Man this brings back a lot of memories. Here in NJ back in the 60's at certian beaches (most beaches are run by associations in NJ) you had to prove that you could swim befor they let you surf. At the time I thought it was rediculous. Then the leash came and things changed. Young kids with no idea about water safety or ettiquete. The 60' were a good time!
Phil Castignola-Select Surfshop P.B. R.I.P. Bungy cord leashes early 70's, take out an eye in one tail shot to the head!
..........A man by the name of Herb Brucker.......if that ain't a kick!Herb
That's right. There were leashes around before that, but those were the first "factory" style leashes I had ever seen. Just the mention of Select Surf Shop makes me yearn for the day. With "Tugs Tavern" and Taco night. Or was it Tostados??
That which can be assorted without evidence was read in an illegal magazine.
Steve Russ, of Santa Cruz California, should be credited for inventing the Modern Leash.
Once introduced to the Steamer Lane Crew in 1970/71, it has been used consecutively every day since.
Jim Overlin was the first to copy Steve Russ and sell his leashes..
How hard was it to buy a box of suction cups from sears and a roll of surgical tubing from the medical supply house, screw the suction cup to the surgical tubing and tie a loop in the other end!
Steve was a kneeboarder and unlike a stand up surfer, could not put the leash on his foot, so he put it on his hand. Laying down on the kneeboard left the nose for the suction cup.

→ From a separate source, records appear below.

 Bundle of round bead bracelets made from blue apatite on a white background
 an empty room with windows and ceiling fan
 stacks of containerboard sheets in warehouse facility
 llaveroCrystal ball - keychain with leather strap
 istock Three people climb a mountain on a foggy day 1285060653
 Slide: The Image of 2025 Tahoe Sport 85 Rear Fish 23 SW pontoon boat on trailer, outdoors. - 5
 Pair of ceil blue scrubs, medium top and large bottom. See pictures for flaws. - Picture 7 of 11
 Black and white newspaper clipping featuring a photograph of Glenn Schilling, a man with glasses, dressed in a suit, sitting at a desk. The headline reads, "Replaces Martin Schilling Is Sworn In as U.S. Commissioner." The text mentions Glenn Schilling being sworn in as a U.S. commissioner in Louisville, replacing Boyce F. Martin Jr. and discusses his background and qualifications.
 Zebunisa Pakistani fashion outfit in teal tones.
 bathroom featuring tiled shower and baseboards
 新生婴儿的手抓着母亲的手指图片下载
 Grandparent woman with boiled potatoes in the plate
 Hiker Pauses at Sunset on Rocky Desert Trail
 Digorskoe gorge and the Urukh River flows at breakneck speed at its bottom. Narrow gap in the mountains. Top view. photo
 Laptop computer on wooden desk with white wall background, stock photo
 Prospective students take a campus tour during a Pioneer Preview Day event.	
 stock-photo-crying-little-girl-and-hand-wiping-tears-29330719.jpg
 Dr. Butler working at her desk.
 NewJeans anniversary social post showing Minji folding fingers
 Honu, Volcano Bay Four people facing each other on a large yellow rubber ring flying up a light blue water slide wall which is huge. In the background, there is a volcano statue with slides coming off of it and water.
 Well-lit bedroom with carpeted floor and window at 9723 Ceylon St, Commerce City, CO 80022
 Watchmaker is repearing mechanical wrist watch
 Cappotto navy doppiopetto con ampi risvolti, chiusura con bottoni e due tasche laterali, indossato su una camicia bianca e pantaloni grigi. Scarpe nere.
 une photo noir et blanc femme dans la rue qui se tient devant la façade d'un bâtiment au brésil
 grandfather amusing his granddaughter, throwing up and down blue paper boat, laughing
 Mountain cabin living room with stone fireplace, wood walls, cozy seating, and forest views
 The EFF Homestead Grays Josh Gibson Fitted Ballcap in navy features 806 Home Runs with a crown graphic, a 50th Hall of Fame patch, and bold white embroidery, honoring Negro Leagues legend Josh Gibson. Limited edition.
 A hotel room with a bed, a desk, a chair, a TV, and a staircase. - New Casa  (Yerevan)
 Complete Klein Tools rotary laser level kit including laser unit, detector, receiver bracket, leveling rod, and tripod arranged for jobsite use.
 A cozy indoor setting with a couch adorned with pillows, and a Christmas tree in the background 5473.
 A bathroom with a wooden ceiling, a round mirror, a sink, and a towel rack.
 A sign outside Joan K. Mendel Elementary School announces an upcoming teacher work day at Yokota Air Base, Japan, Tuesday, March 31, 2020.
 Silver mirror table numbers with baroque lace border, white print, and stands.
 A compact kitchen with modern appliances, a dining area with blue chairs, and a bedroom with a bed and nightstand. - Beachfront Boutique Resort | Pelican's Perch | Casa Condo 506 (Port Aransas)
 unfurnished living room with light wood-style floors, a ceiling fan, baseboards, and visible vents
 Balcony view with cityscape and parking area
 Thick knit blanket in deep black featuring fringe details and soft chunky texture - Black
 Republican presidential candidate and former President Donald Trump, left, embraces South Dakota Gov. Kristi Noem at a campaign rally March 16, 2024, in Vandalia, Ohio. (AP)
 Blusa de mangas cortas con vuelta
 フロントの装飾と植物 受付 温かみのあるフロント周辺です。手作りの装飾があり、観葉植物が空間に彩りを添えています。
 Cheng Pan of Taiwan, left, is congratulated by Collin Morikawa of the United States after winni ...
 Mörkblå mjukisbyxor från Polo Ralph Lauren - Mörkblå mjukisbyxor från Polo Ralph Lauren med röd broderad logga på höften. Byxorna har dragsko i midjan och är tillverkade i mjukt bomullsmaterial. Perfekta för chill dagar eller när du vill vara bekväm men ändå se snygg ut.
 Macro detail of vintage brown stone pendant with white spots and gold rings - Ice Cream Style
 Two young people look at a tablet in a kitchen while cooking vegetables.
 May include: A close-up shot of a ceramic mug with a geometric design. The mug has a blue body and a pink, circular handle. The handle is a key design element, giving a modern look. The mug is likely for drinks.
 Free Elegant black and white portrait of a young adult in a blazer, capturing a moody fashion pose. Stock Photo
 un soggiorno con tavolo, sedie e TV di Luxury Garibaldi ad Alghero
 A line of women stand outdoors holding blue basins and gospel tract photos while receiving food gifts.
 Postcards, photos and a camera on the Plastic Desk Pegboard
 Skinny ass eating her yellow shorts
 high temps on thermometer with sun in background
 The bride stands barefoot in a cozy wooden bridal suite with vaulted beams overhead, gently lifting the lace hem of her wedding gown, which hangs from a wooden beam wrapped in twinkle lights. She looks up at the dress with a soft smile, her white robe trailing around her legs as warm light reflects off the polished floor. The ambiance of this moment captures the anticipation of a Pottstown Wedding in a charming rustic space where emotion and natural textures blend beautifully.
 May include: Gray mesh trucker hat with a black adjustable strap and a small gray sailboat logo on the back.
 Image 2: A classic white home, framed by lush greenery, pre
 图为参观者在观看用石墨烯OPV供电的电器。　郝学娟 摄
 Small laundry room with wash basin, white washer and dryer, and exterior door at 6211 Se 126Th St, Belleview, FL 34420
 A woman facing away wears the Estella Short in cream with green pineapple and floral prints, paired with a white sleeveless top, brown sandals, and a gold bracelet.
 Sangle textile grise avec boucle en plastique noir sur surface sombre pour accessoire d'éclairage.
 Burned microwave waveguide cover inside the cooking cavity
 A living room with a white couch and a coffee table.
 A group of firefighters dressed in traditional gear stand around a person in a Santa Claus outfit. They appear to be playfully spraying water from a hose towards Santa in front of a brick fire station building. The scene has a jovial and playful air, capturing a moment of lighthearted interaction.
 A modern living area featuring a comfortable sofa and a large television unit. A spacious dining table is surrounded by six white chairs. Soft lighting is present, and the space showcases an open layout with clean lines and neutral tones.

It took a while to move the leash to the tail and onto the foot.
People made attempts at making leashes since the tom Blake days, but it was only temporary.
Once Steve Russ' leash was used that day at Steamer Lane, leashes became a permanant part of surfing and have been used every day since.
With the leash, not only did you save your board, it allowed unsurfable high tide breaks to be ridden.